Yesterday brought a there-and-back trip to Southampton, with esteemed colleagues Nicola Evans and Deborah Edwards, for an NIHR Health Services and Delivery Research Programme welcome meeting for our RiSC project. This was an opportunity to meet with other funded researchers (and very interesting they were, too) and to learn more about how the HS&DR Programme works with investigators over the lifetime of projects and beyond. We also had the chance to present our study, and to field questions from the floor.
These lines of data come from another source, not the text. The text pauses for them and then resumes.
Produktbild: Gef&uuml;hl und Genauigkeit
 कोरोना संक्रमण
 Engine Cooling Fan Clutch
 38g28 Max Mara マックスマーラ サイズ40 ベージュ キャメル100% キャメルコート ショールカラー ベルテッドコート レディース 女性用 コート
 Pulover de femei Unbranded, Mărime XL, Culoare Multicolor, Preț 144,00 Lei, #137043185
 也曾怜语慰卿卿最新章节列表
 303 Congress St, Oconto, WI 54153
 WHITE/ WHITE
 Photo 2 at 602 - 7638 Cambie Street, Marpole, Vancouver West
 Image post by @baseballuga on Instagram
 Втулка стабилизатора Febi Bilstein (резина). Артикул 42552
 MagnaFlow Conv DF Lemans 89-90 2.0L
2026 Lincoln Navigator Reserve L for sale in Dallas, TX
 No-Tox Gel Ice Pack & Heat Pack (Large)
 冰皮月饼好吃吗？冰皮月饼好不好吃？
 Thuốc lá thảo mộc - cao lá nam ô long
On its website the HS&DR Programme says that it:
aims to produce rigorous and relevant evidence on the quality, access and organisation of health services, including costs and outcomes. The programme will enhance the strategic focus on research that matters to the NHS including research on implementation and a range of knowledge mobilisation initiatives. It will be keen to support ambitious evaluative research to improve health services.
And that it:
aims to support a range of types of research including evidence synthesis and primary research. This includes large scale studies of national importance. This means primary research projects which:
- Address an issue of major strategic importance to the NHS, with the cost in line with the significance of the problem to be investigated
- Are likely to lead to changes in practice that will have a significant impact on a large number of patients across the UK
- Aim to fill a clear ‘evidence gap’, and are likely to generate new knowledge of direct relevance to the NHS
- Have the potential for findings to be applied to other conditions or situations outside the immediate area of research
- Bring together a team with strong expertise and track record across the full range of relevant disciplines
- Will be carried out across more than one research site.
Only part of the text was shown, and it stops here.